For those tired of the standard guitar, bass and drums lineup, tonight's show at the Schlow Centre Region Library, 211 S. Allen St., will highlight more exotic fare.
"I'm using a device called the optobox, it sounds kind of like a marimba ... actually the brain out of that I got out of some Fisher-Price toy," Tim Kaiser, one of three performers, said of finding the parts to put his instrument together, shortly before mentioning a stenographer's keyboard he converted into a synthesizer.
And then there's Paul Metzger's 21-string banjo.
The three-artist concert will be held in the library's community room at 7 tonight.
Metzger, of St. Paul, Minn., will headline, playing banjo and guitar, both of which have been heavily modified. The banjo features extra sets of strings and is set up similarly to a sitar, which is a long-necked lute with a varying number of strings.

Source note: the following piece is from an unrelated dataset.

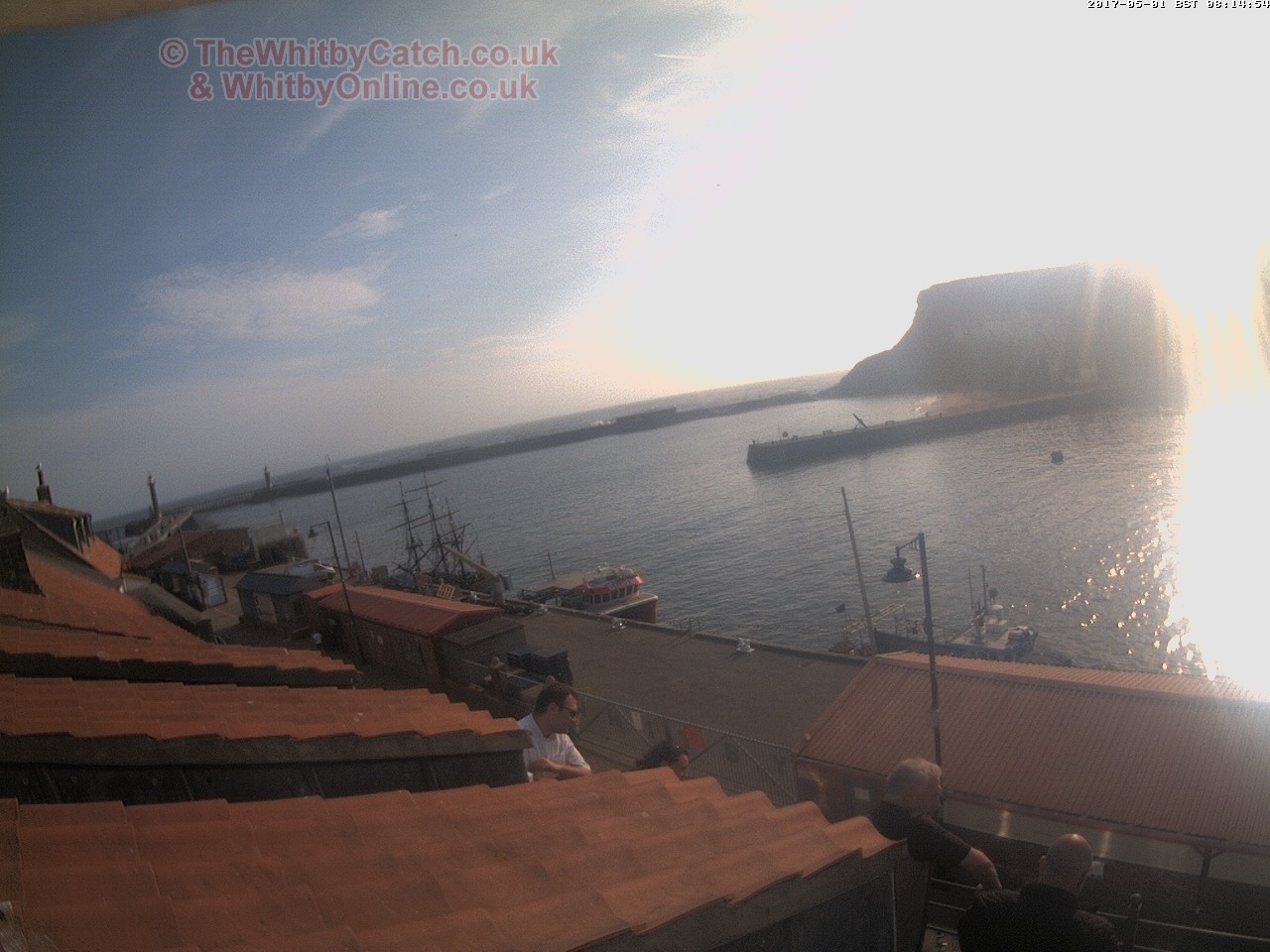 Whitby Mon 1st May 2017 08:15.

"I prefer instruments that are not precious or fancy or expensive," Metzger said. "I just feel at liberty to experiment on them. I think 'what if I drilled in here or added something here.' I don't feel like I'm ruining something, I just kind of go at it."
Metzger's most recent album, Deliverance, was released in October, and contains three banjo pieces, he said. Metzger said he doesn't listen to his own recordings, which are done in one live take, and focuses more on live improvisation.
Nathaniel Rasmussen, a Schlow computer systems administrator, said Metzger "definitely got extremely emphatic applause when he played here before."
Also on the bill is Kaiser, of Duluth, Minn., who Rasmussen said creates "analog sound devices, whether they're synthesizers or theremins or effects for guitar ... He makes instruments and performs them."
Kaiser said he began experimenting with his equipment around the time he got out of high school and was playing in a punk rock band.
"One of the things about punk rock is that you're broke, and your equipment sucks, so you're always having to fix things, and that's kind of how I learned a fair chunk of what I know about electronics, is always having to fix stuff," Kaiser said.
Rounding out the bill is Eric Carbonara, a guitarist whose new album of acoustic compositions, Exodus Bulldornadius, was just released.
"I was kind of questioning whether or not I could make interesting and good music with just a single acoustic instrument," Carbonara said. "I wanted to take away any obstacle between what I was feeling and what my hands could do."